Gabel soll aber eine *schwarze SID 1998* werden, weil die erstens timecorrect und zudem schön leicht ist. Ich bin an einem (wartungsbedürftigen) Exemplar dran und habe mir auch die original Dichtungen besorgt.






Weitere Bilder, wenn das Rad bei mir ist (vermute: Ende nächster Woche) und ich dem Rahmen eine erste Autosol-Kur gegeben habe.

Vielen Dank für die Aufmerksamkeit!


----------



## spooky817 (6. Februar 2017)

@Rahbari

herzlichen Glueckwunsch zum neuen Bike! Ich freu mich jetzt schon den Aufbau des LTS XR-1000 verfolgen zu koennen. Danke auch fuer den ausfuehrlichen Bericht des genauen modells, gute Recherche und gute Info! Jetzt faengt der Spass an, die einzelnen Teile zu finden... ;-)

Schoenes Zaskar uebrigens, schade dass es nie fertiggebaut wurde...


----------



## MTB-News.de




----------



## dkh99 (6. Februar 2017)

Tolle Einführung in die LTS Geschichte. Freue mich auf den Aufbau.


----------



## epic2006 (7. Februar 2017)

Da bleib ich dran, mal schau'n, was das so wird...

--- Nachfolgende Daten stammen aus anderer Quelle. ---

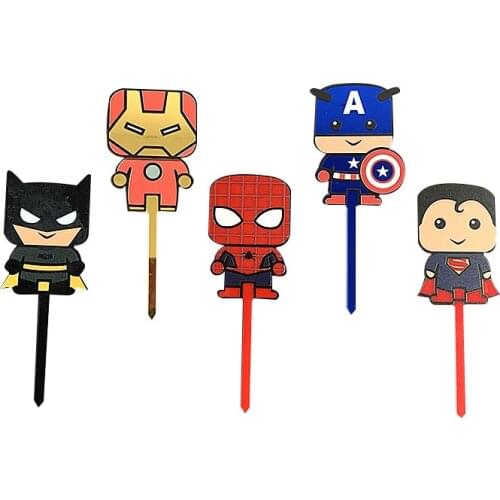 2pcs Cartoon Super Hero Happy Birthday Cake Topper Cute Acrylic Cupcake Topper For Boys Gifts Birthday Party Cake Decorations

Falls Du einen Satz leichte Ritchey WCS Pedale von Ende 90er gebrauchen kannst, darfst Du Dich gerne rühren. Foto und Gewicht reich ich gerne nach. So ein Tune Schnellspanndingens für die Sattelstütze fliegt hier auch noch rum, leider in schwarz...

Gruß, Gerrit


----------



## pago79 (7. Februar 2017)

Auch wenn ich mein LTS in gute Hände abgegeben habe, das könnte interessant werden.
Bin gespannt, vor allem auf das Gewicht...

Gruß
Lars


----------



## Rahbari (7. Februar 2017)

Ja, ich bin auch gespannt, wo ich am Ende beim Gewicht rauskommen werde. Ob ich auch die 10,8kg schaffen werde, steht und fällt vor allen Dingen mit dem Laufradsatz. Leider ist mir ein sehr leichter, jedoch recht stabiler LRS mit roten Naben durch die Lappen gegangen. Crossmax der ersten Generation möchte ich vermeiden, weil die Teile ja doch früher oder später reißen.


----------



## Rahbari (7. Februar 2017)

Neuigkeiten zu den Seriennummern:
- alle Rahmen sind offenbar im Februar 1998 produziert worden (Start der Seriennummern jeweils mit "0298")
- wie bei den Zaskars wurde die Rahmengröße eingeschlagen
- weiter finden sich bei allen Seriennummern die Buchstabenfolge "XCR". Dies ist vermutlich der Hinweis auf das Modell.
- gefunden habe ich folgende Nummern: 00099 (mit eingestanzten Namen; evt. des Schweißers?!), 00150 und 00190 (meine Nummer)
- Unterstellt, die Nummerierung war laufend - wie bei den Zaskars - wird man die Theorie, es wurden nur 50 Stück gebaut, verabschieden können. Die Frage wäre, ob man wirklich bei 00001 angefangen hat? Ich hoffe, noch mehr Seriennummern zu finden.


----------



## ceo (7. Februar 2017)

sehr spannendes thema, abo


----------



## spooky817 (8. Februar 2017)

Wenn Du die 10.8Kg brechen moechtest dann musst Du vieleicht doch auf einige Tune Komponenten zurueckfallen die es ja in rot gibt, Beispiel Mig70 / Mag170 Naben... dann zwar eher ein 'deutscher' Leichtbau-Aufbau, waere aber auch nicht schlecht ;-)


----------



## epic2006 (8. Februar 2017)

Momentan in der Bucht: eine rote US Hadley Nabe, nicht superleicht, aber nicht Elends schwer....

...nicht von mir


----------



## Rahbari (8. Februar 2017)

Hadleys sind ziemlich leicht, ca. 280g hinten und 150g vorne. Richtig leicht wird es nur bei Tune 

Habe jetzt einen LRS in Zulauf. Vorderrad ist Ringle Superbubba rot und hinten wird umgespeicht auf ne Chris King rot.  Das wird am Ende schon etwas schwerer als ein Crossmax aber auch haltbarer.


----------



## MTB-News.de




----------



## Rahbari (8. Februar 2017)

Bräuchte mal *Meinungen zum Thema LRS*. Eigentlich wollte ich ja nicht mehr als 200 EUR ausgeben und nicht so viel Aufwand damit treiben.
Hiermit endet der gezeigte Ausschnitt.